Now, a growing number of patients are looking toward a natural therapy which not only reduces the severity of episodes but may also reduce their chance of relapse. This therapy is curcumin, a medicinal molecule with a long history of human use by virtue of its herbal source, turmeric; curcumin exists in turmeric plants, which are commonly employed as a spice. As a bioactive chemical, however, curcumin is increasingly being explored for its potential medical use. In particular, curcumin is being recognized as a possible treatment for IBS owing to its potent anti-inflammatory properties. Paired with a reliable high-bioavailability delivery system, patients with IBS may be able to control their flare-ups preventively and more effectively than is possible with conventional treatment alone.
Countering IBS Inflammation With Curcumina review authored by Drs Pietro Dulbecco and Vincenzo Savarino and published in the World Journal of Gastroenterology, curcumin is a potent inhibitor of proinflammatory cellular signaling molecules in the gut. Controlling inflammation is critical in the context of IBS, as the disease has an inflammatory component of uncertain origin. In the course of their investigation into curcumin’s usefulness in treating digestive disorders, Drs Dulbecco and Savarino found that curcumin dampens the impact of nearly all of the major proinflammatory molecules in the gut via a handful of different mechanisms described by other researchers. These molecules include tumor necrosis factor alpha (TNFa), NF-kB, IL-2, and IL-12—all of which are among the body’s major tools for generating and sustaining inflammation.
Each of these molecules is relevant to irritable bowel syndrome. IBS patients experience elevated NF-kB concentrations along with generally elevated levels of other proinflammatory molecules. Such elevated levels of NF-kB means that cells are more prone to runaway inflammation incidents. When curcumin is present, however, the proinflammatory molecules may bond to curcumin, preventing their signal from reaching cells. Curcumin might thus stem the possibility of runaway inflammatory episodes if delivered to patients’ colon cells, significantly reducing flare-ups.

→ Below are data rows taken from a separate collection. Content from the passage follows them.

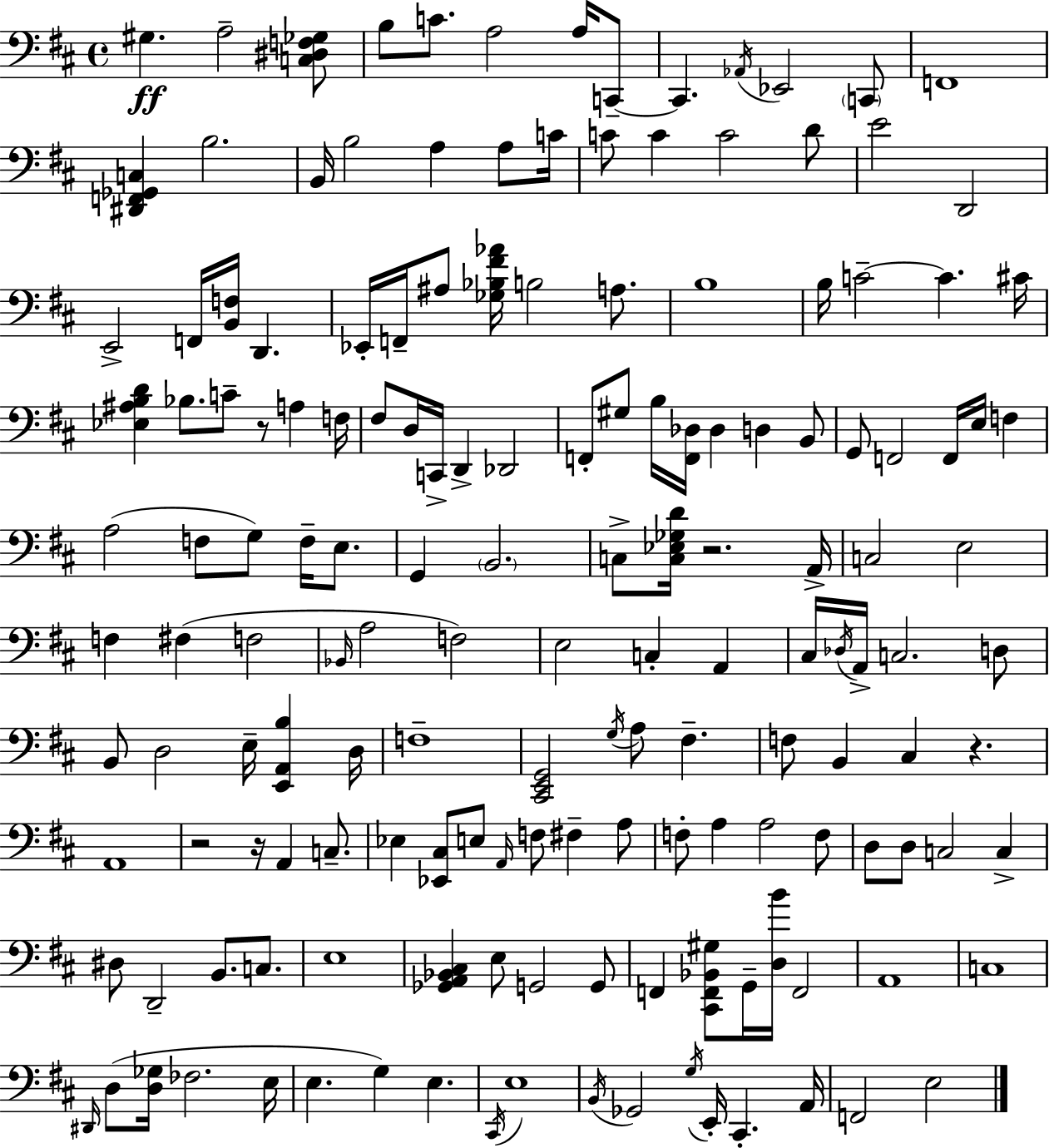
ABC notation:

X:1
T:Untitled
M:4/4
L:1/4
K:D
^G, A,2 [C,^D,F,_G,]/2 B,/2 C/2 A,2 A,/4 C,,/2 C,, _A,,/4 _E,,2 C,,/2 F,,4 [^D,,F,,_G,,C,] B,2 B,,/4 B,2 A, A,/2 C/4 C/2 C C2 D/2 E2 D,,2 E,,2 F,,/4 [B,,F,]/4 D,, _E,,/4 F,,/4 ^A,/2 [_G,_B,^F_A]/4 B,2 A,/2 B,4 B,/4 C2 C ^C/4 [_E,^A,B,D] _B,/2 C/2 z/2 A, F,/4 ^F,/2 D,/4 C,,/4 D,, _D,,2 F,,/2 ^G,/2 B,/4 [F,,_D,]/4 _D, D, B,,/2 G,,/2 F,,2 F,,/4 E,/4 F, A,2 F,/2 G,/2 F,/4 E,/2 G,, B,,2 C,/2 [C,_E,_G,D]/4 z2 A,,/4 C,2 E,2 F, ^F, F,2 _B,,/4 A,2 F,2 E,2 C, A,, ^C,/4 _D,/4 A,,/4 C,2 D,/2 B,,/2 D,2 E,/4 [E,,A,,B,] D,/4 F,4 [^C,,E,,G,,]2 G,/4 A,/2 ^F, F,/2 B,, ^C, z A,,4 z2 z/4 A,, C,/2 _E, [_E,,^C,]/2 E,/2 A,,/4 F,/2 ^F, A,/2 F,/2 A, A,2 F,/2 D,/2 D,/2 C,2 C, ^D,/2 D,,2 B,,/2 C,/2 E,4 [_G,,A,,_B,,^C,] E,/2 G,,2 G,,/2 F,, [^C,,F,,_B,,^G,]/2 G,,/4 [D,B]/4 F,,2 A,,4 C,4 ^D,,/4 D,/2 [D,_G,]/4 _F,2 E,/4 E, G, E, ^C,,/4 E,4 B,,/4 _G,,2 G,/4 E,,/4 ^C,, A,,/4 F,,2 E,2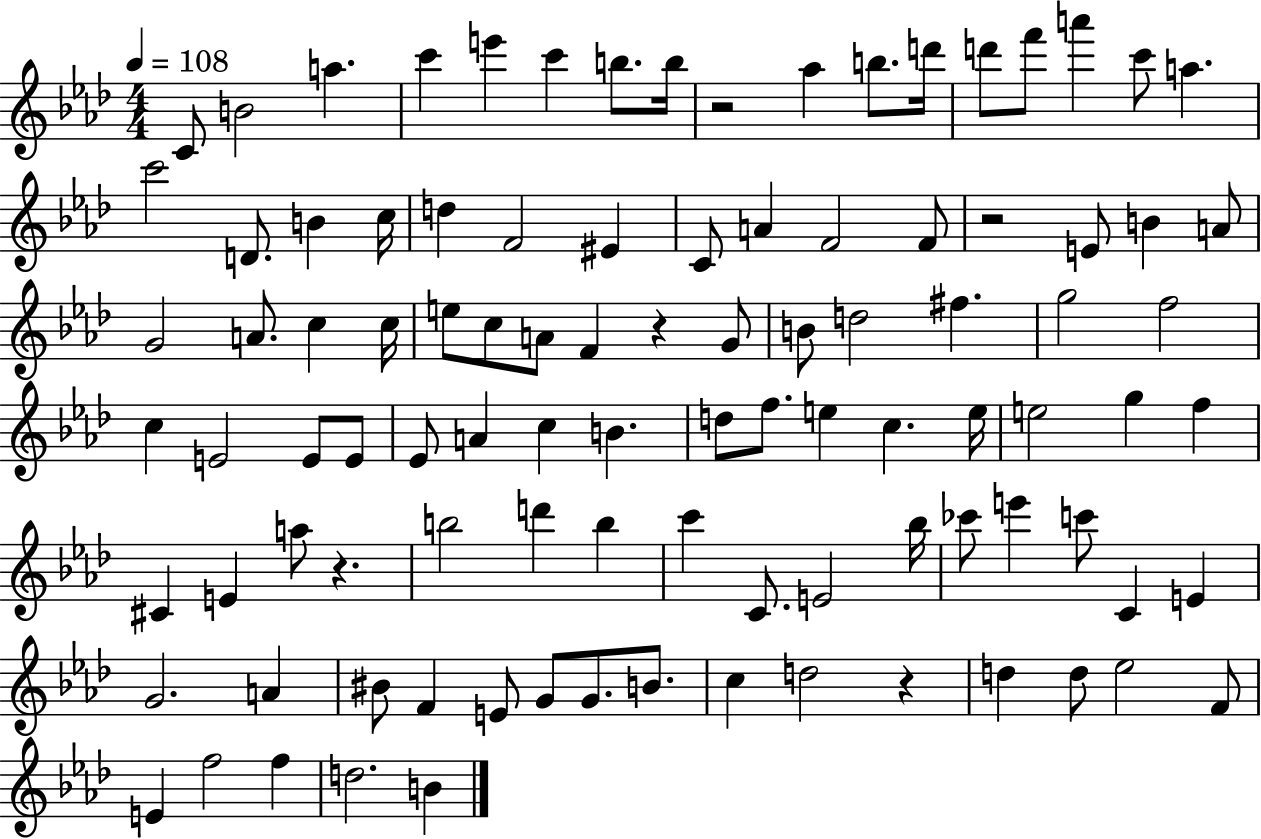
X:1
T:Untitled
M:4/4
L:1/4
K:Ab
C/2 B2 a c' e' c' b/2 b/4 z2 _a b/2 d'/4 d'/2 f'/2 a' c'/2 a c'2 D/2 B c/4 d F2 ^E C/2 A F2 F/2 z2 E/2 B A/2 G2 A/2 c c/4 e/2 c/2 A/2 F z G/2 B/2 d2 ^f g2 f2 c E2 E/2 E/2 _E/2 A c B d/2 f/2 e c e/4 e2 g f ^C E a/2 z b2 d' b c' C/2 E2 _b/4 _c'/2 e' c'/2 C E G2 A ^B/2 F E/2 G/2 G/2 B/2 c d2 z d d/2 _e2 F/2 E f2 f d2 B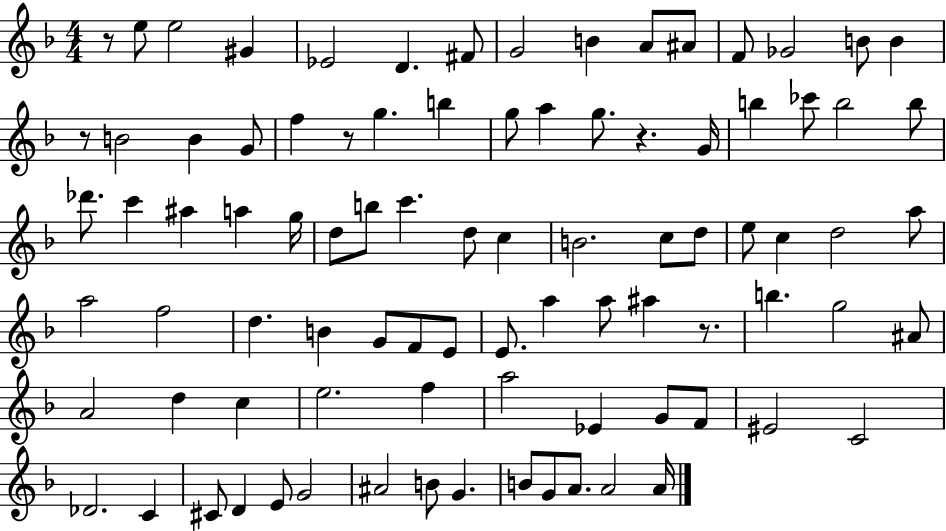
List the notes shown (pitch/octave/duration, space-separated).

R/e E5/e E5/h G#4/q Eb4/h D4/q. F#4/e G4/h B4/q A4/e A#4/e F4/e Gb4/h B4/e B4/q R/e B4/h B4/q G4/e F5/q R/e G5/q. B5/q G5/e A5/q G5/e. R/q. G4/s B5/q CES6/e B5/h B5/e Db6/e. C6/q A#5/q A5/q G5/s D5/e B5/e C6/q. D5/e C5/q B4/h. C5/e D5/e E5/e C5/q D5/h A5/e A5/h F5/h D5/q. B4/q G4/e F4/e E4/e E4/e. A5/q A5/e A#5/q R/e. B5/q. G5/h A#4/e A4/h D5/q C5/q E5/h. F5/q A5/h Eb4/q G4/e F4/e EIS4/h C4/h Db4/h. C4/q C#4/e D4/q E4/e G4/h A#4/h B4/e G4/q. B4/e G4/e A4/e. A4/h A4/s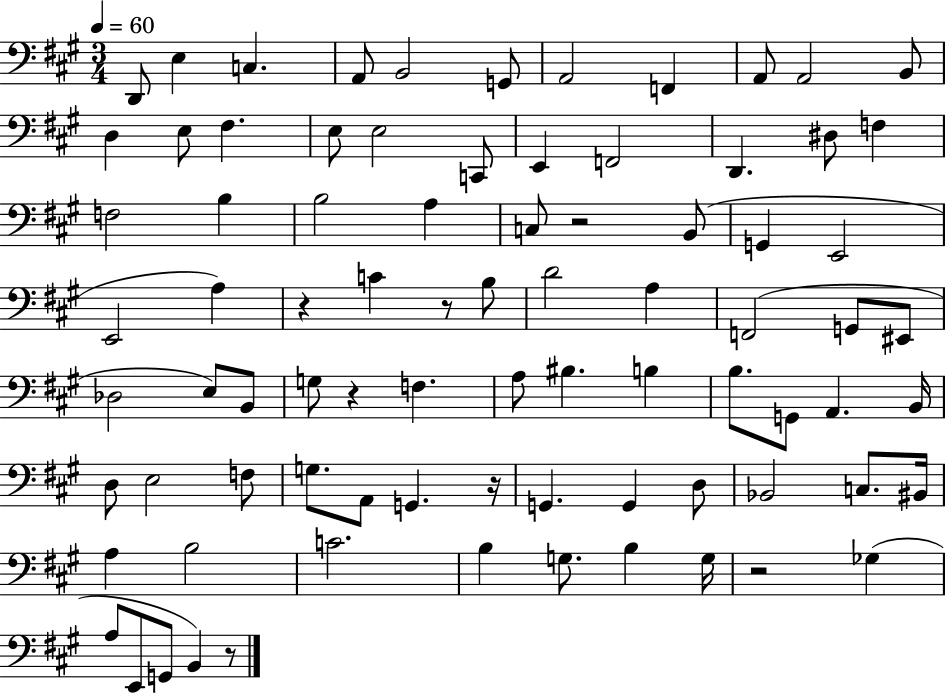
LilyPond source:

{
  \clef bass
  \numericTimeSignature
  \time 3/4
  \key a \major
  \tempo 4 = 60
  d,8 e4 c4. | a,8 b,2 g,8 | a,2 f,4 | a,8 a,2 b,8 | \break d4 e8 fis4. | e8 e2 c,8 | e,4 f,2 | d,4. dis8 f4 | \break f2 b4 | b2 a4 | c8 r2 b,8( | g,4 e,2 | \break e,2 a4) | r4 c'4 r8 b8 | d'2 a4 | f,2( g,8 eis,8 | \break des2 e8) b,8 | g8 r4 f4. | a8 bis4. b4 | b8. g,8 a,4. b,16 | \break d8 e2 f8 | g8. a,8 g,4. r16 | g,4. g,4 d8 | bes,2 c8. bis,16 | \break a4 b2 | c'2. | b4 g8. b4 g16 | r2 ges4( | \break a8 e,8 g,8 b,4) r8 | \bar "|."
}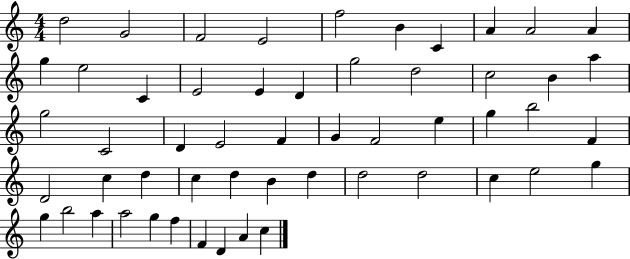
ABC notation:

X:1
T:Untitled
M:4/4
L:1/4
K:C
d2 G2 F2 E2 f2 B C A A2 A g e2 C E2 E D g2 d2 c2 B a g2 C2 D E2 F G F2 e g b2 F D2 c d c d B d d2 d2 c e2 g g b2 a a2 g f F D A c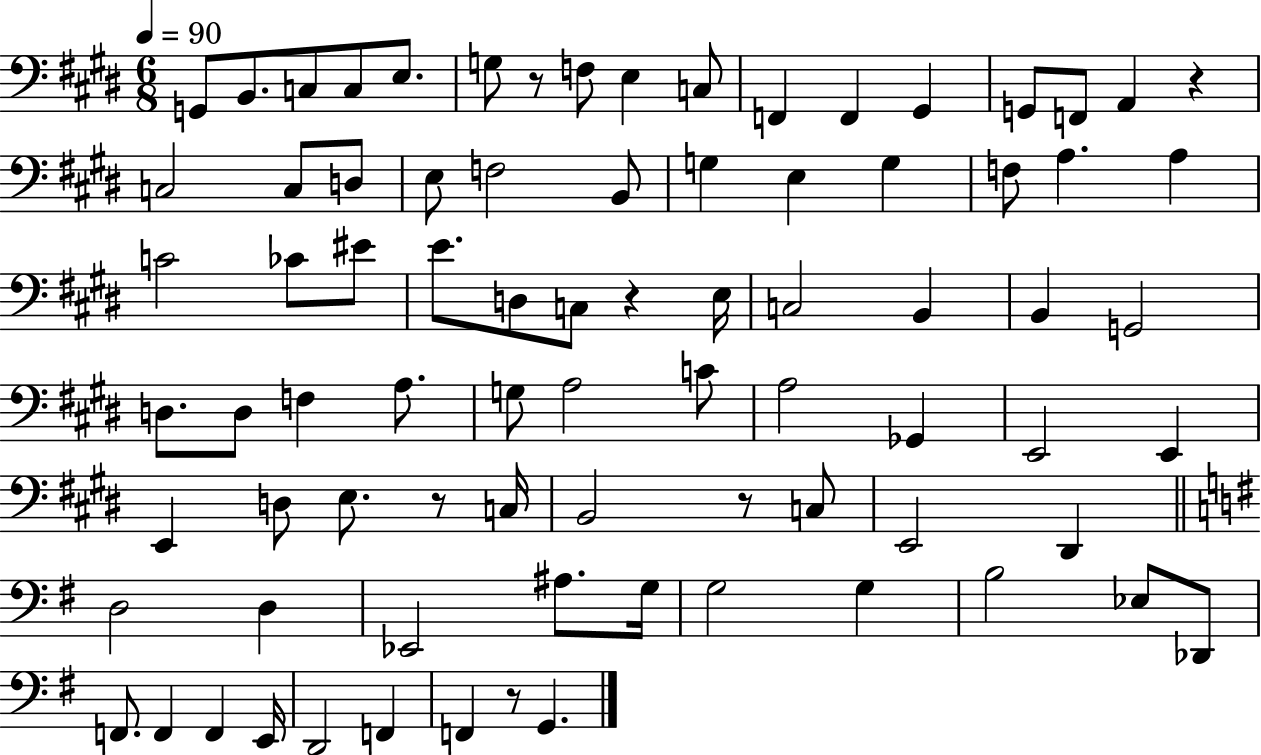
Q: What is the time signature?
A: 6/8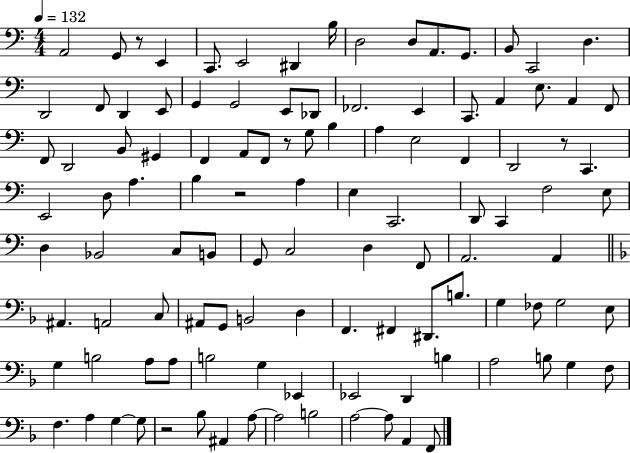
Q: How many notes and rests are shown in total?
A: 111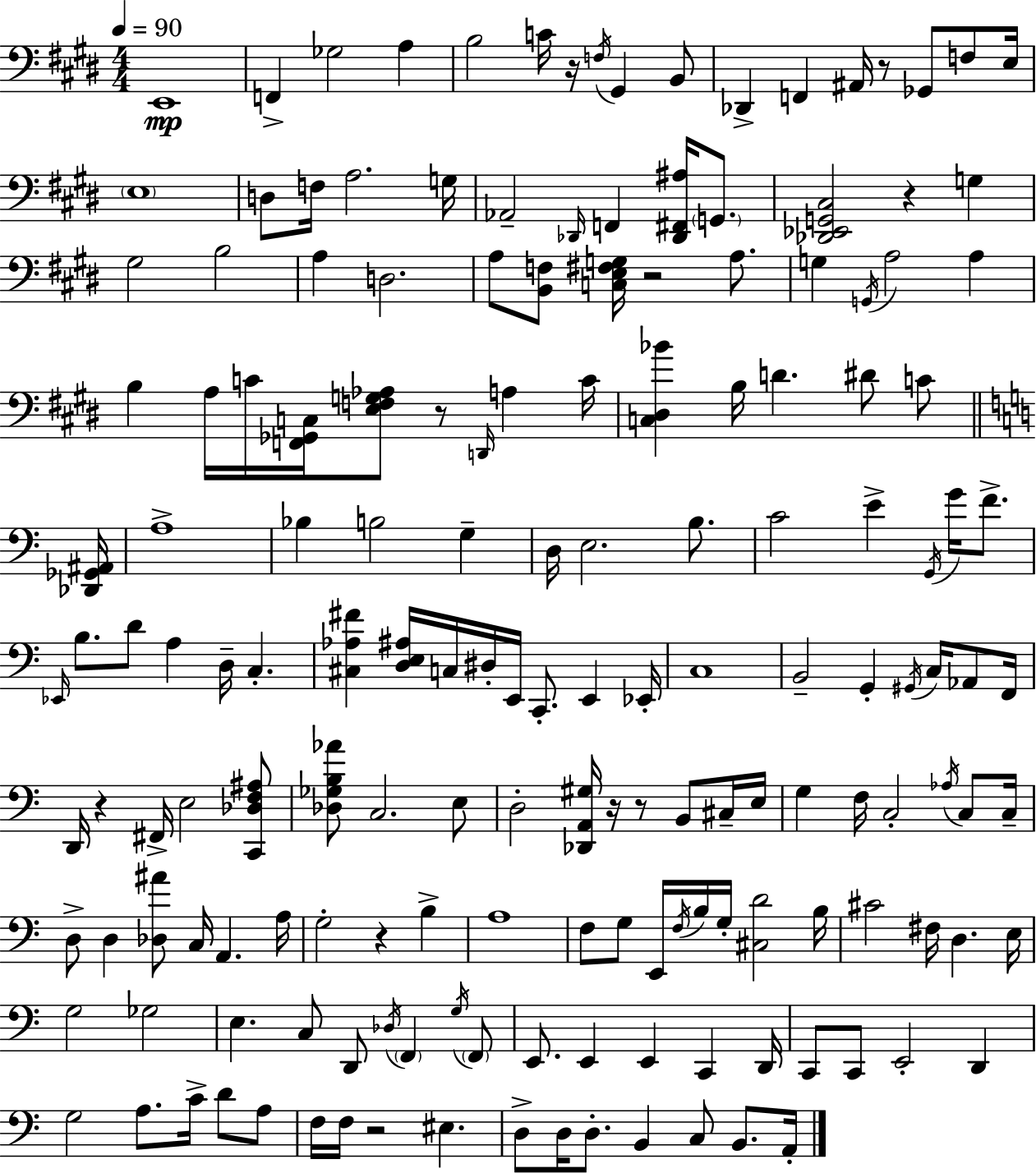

Using Curcumin to Modulate the Gut Microbiome
In addition to anti-inflammatory effects, Dulbecco and Savarino believe that curcumin has an additional mechanism that would be helpful to IBS patients: stabilizing the gut microbiome. Irritable bowel syndrome is partially characterized by a host microbiome that is divergent from the profile of a normal and healthy microbiome. This is caused by certain overstimulated T cells erroneously and transiently secreting chemicals which damage the extracellular matrix responsible for maintaining the integrity of the intestinal tissue. As the extracellular matrix is weakened, healthy gut microbiota have fewer viable habitats and are replaced by harmful bacteria. In IBS, this phenomenon isn’t widespread enough to cause permanent damage to the intestinal tissue, but it does make the intestines more vulnerable to future irritation—and, thus, IBS flare-ups—until the damage is repaired.
While curcumin can’t prevent the T cells from secreting these chemicals—which are distinct from the chemicals which cause inflammation—it can prevent these T cells from being produced in the first place. Because curcumin inhibits the action of one of the signaling molecules which causes T cells to differentiate into the matrix-degrading variant, it can lead to lower concentrations of these cells in the colon. There aren’t any studies specifically linking curcumin to improved microbiome health in IBS patients, but the evidence of their impact on T cells is undeniable.
Reducing IBS Pain With Curcumin
In addition to reducing flare-ups, curcumin also has the potential to reduce pain and discomfort associated with IBS when flare-ups do occur. This is due to the fact that curcumin impacts the gut’s ability to detect pain and refer pain signals elsewhere in the body. As a result, pain-related gastrointestinal symptoms may potentially be alleviated. According to Dulbecco and Savarino’s review, curcumin has been found to inhibit signals of burning, pain, and discomfort in the gut via its inhibition of the TRPV1 sensory transducer protein. This means that patients who supplement their diets with curcumin will experience less inflammation, less microbiome disruption, and, most likely, less discomfort. There’s also a chance that IBS patients will experience fewer relapses when they supplement with curcumin.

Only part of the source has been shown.